Два дня у озера Баринго — доменный зной и загустелый от пыли воздух — явили нам потрясающую картину расточительного обращения с землей. Баринго — одно из немногих пресных озер Долины, в нем нет вулканической соды, которая накапливается в бессточных водоемах. Еще пятнадцать лет назад вода Баринго была кристально прозрачной. Десять лет назад появилась муть. Сегодня вода коричневая и густая, словно жидкий шоколад.
Причина становится предельно ясной, когда едешь вдоль озера. После того как белые покинули берега, монопольно оккупированные ими для своего отдыха, сюда пришли племена скотоводов со своими коровами и козами. Скот начисто объедал траву, острые копыта лишали корешки опоры. Во время дождей в озеро смывается огромное количество рыхлой почвы. Воду не отличишь по цвету от земли.

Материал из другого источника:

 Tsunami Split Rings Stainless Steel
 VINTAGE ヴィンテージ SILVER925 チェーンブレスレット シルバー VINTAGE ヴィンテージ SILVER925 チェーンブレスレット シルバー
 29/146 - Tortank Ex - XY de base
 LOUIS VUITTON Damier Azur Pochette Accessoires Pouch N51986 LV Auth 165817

А ведь мы еще не видим земли, уносимой с обезлесенных склонов за три месяца, когда наполняются влагой речные русла. Впрочем, нам и без того известно, что тропические леса вырубают с угрожающей быстротой и что дожди, которые прежде мерно просачивались через листву и ложились на землю благотворной росой, теперь безжалостно хлещут и размывают обнаженную почву.
Раздетая земля — земля, лишенная зеленого покрова! Но вот нашелся все-таки клочок травы в ложбине сухого русла… Он приглашает отдохнуть и поразмыслить.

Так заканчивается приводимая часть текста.